§ Records from a dataset:
══════

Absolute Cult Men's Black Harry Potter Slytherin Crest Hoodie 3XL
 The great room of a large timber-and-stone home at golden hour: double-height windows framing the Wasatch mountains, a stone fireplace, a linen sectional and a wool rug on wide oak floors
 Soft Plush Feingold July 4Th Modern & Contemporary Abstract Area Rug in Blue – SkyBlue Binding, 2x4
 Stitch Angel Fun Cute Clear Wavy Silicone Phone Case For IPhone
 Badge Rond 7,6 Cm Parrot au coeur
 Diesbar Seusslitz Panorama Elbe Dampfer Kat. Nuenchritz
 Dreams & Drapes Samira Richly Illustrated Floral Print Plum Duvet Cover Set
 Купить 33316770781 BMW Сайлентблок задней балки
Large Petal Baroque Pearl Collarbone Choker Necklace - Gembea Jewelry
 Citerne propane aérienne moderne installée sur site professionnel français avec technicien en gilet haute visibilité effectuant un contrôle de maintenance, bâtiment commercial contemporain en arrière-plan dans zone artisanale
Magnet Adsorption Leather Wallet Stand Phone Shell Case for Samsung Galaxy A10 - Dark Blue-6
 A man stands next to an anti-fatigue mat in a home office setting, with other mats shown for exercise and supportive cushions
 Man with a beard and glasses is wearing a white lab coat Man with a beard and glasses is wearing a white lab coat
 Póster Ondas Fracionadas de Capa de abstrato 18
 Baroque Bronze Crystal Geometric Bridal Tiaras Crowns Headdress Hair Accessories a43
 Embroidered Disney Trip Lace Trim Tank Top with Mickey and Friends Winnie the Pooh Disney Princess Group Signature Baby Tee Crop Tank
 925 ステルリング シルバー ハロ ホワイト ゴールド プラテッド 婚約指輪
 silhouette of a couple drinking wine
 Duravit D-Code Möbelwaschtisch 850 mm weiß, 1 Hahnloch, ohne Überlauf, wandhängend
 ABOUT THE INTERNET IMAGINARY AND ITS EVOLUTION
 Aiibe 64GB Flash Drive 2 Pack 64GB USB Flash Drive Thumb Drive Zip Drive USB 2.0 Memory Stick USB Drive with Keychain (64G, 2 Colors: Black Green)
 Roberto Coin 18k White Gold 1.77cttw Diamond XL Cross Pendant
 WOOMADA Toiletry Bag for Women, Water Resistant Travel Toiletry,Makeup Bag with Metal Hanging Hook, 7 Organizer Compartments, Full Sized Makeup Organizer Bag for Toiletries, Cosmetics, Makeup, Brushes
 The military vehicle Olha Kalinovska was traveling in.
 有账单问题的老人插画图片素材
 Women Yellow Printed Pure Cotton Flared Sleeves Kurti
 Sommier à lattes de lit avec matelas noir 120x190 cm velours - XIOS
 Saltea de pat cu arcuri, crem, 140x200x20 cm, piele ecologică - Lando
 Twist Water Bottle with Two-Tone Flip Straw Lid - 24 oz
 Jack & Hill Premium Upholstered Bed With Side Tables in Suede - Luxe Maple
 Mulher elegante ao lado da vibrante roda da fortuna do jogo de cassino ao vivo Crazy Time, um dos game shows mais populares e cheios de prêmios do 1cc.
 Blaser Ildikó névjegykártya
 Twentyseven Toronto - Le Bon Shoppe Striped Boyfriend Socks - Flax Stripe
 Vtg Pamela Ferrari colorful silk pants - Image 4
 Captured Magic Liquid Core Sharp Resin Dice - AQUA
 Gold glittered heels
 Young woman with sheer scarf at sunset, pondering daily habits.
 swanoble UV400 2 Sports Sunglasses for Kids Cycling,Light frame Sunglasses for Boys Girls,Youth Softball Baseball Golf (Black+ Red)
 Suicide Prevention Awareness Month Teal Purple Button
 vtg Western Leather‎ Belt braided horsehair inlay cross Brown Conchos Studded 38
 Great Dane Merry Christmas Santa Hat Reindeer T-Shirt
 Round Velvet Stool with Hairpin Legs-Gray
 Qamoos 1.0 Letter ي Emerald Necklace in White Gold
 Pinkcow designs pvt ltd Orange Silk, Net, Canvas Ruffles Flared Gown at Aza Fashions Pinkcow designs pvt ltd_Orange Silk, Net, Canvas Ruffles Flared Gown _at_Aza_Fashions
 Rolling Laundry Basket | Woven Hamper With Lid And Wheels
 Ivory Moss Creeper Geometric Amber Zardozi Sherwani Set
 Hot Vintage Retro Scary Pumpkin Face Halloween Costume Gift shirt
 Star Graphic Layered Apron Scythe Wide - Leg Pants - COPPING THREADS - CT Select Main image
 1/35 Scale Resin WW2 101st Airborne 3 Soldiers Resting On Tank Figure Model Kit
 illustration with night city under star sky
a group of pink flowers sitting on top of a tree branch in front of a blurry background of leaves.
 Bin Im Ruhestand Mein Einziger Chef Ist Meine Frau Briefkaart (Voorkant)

══════

§ Instructions for the task:
Your task is to retype all of the lines above exactly.

§ Worked solution:
Absolute Cult Men's Black Harry Potter Slytherin Crest Hoodie 3XL
 The great room of a large timber-and-stone home at golden hour: double-height windows framing the Wasatch mountains, a stone fireplace, a linen sectional and a wool rug on wide oak floors
 Soft Plush Feingold July 4Th Modern & Contemporary Abstract Area Rug in Blue – SkyBlue Binding, 2x4
 Stitch Angel Fun Cute Clear Wavy Silicone Phone Case For IPhone
 Badge Rond 7,6 Cm Parrot au coeur
 Diesbar Seusslitz Panorama Elbe Dampfer Kat. Nuenchritz
 Dreams & Drapes Samira Richly Illustrated Floral Print Plum Duvet Cover Set
 Купить 33316770781 BMW Сайлентблок задней балки
Large Petal Baroque Pearl Collarbone Choker Necklace - Gembea Jewelry
 Citerne propane aérienne moderne installée sur site professionnel français avec technicien en gilet haute visibilité effectuant un contrôle de maintenance, bâtiment commercial contemporain en arrière-plan dans zone artisanale
Magnet Adsorption Leather Wallet Stand Phone Shell Case for Samsung Galaxy A10 - Dark Blue-6
 A man stands next to an anti-fatigue mat in a home office setting, with other mats shown for exercise and supportive cushions
 Man with a beard and glasses is wearing a white lab coat Man with a beard and glasses is wearing a white lab coat
 Póster Ondas Fracionadas de Capa de abstrato 18
 Baroque Bronze Crystal Geometric Bridal Tiaras Crowns Headdress Hair Accessories a43
 Embroidered Disney Trip Lace Trim Tank Top with Mickey and Friends Winnie the Pooh Disney Princess Group Signature Baby Tee Crop Tank
 925 ステルリング シルバー ハロ ホワイト ゴールド プラテッド 婚約指輪
 silhouette of a couple drinking wine
 Duravit D-Code Möbelwaschtisch 850 mm weiß, 1 Hahnloch, ohne Überlauf, wandhängend
 ABOUT THE INTERNET IMAGINARY AND ITS EVOLUTION
 Aiibe 64GB Flash Drive 2 Pack 64GB USB Flash Drive Thumb Drive Zip Drive USB 2.0 Memory Stick USB Drive with Keychain (64G, 2 Colors: Black Green)
 Roberto Coin 18k White Gold 1.77cttw Diamond XL Cross Pendant
 WOOMADA Toiletry Bag for Women, Water Resistant Travel Toiletry,Makeup Bag with Metal Hanging Hook, 7 Organizer Compartments, Full Sized Makeup Organizer Bag for Toiletries, Cosmetics, Makeup, Brushes
 The military vehicle Olha Kalinovska was traveling in.
 有账单问题的老人插画图片素材
 Women Yellow Printed Pure Cotton Flared Sleeves Kurti
 Sommier à lattes de lit avec matelas noir 120x190 cm velours - XIOS
 Saltea de pat cu arcuri, crem, 140x200x20 cm, piele ecologică - Lando
 Twist Water Bottle with Two-Tone Flip Straw Lid - 24 oz
 Jack & Hill Premium Upholstered Bed With Side Tables in Suede - Luxe Maple
 Mulher elegante ao lado da vibrante roda da fortuna do jogo de cassino ao vivo Crazy Time, um dos game shows mais populares e cheios de prêmios do 1cc.
 Blaser Ildikó névjegykártya
 Twentyseven Toronto - Le Bon Shoppe Striped Boyfriend Socks - Flax Stripe
 Vtg Pamela Ferrari colorful silk pants - Image 4
 Captured Magic Liquid Core Sharp Resin Dice - AQUA
 Gold glittered heels
 Young woman with sheer scarf at sunset, pondering daily habits.
 swanoble UV400 2 Sports Sunglasses for Kids Cycling,Light frame Sunglasses for Boys Girls,Youth Softball Baseball Golf (Black+ Red)
 Suicide Prevention Awareness Month Teal Purple Button
 vtg Western Leather‎ Belt braided horsehair inlay cross Brown Conchos Studded 38
 Great Dane Merry Christmas Santa Hat Reindeer T-Shirt
 Round Velvet Stool with Hairpin Legs-Gray
 Qamoos 1.0 Letter ي Emerald Necklace in White Gold
 Pinkcow designs pvt ltd Orange Silk, Net, Canvas Ruffles Flared Gown at Aza Fashions Pinkcow designs pvt ltd_Orange Silk, Net, Canvas Ruffles Flared Gown _at_Aza_Fashions
 Rolling Laundry Basket | Woven Hamper With Lid And Wheels
 Ivory Moss Creeper Geometric Amber Zardozi Sherwani Set
 Hot Vintage Retro Scary Pumpkin Face Halloween Costume Gift shirt
 Star Graphic Layered Apron Scythe Wide - Leg Pants - COPPING THREADS - CT Select Main image
 1/35 Scale Resin WW2 101st Airborne 3 Soldiers Resting On Tank Figure Model Kit
 illustration with night city under star sky
a group of pink flowers sitting on top of a tree branch in front of a blurry background of leaves.
 Bin Im Ruhestand Mein Einziger Chef Ist Meine Frau Briefkaart (Voorkant)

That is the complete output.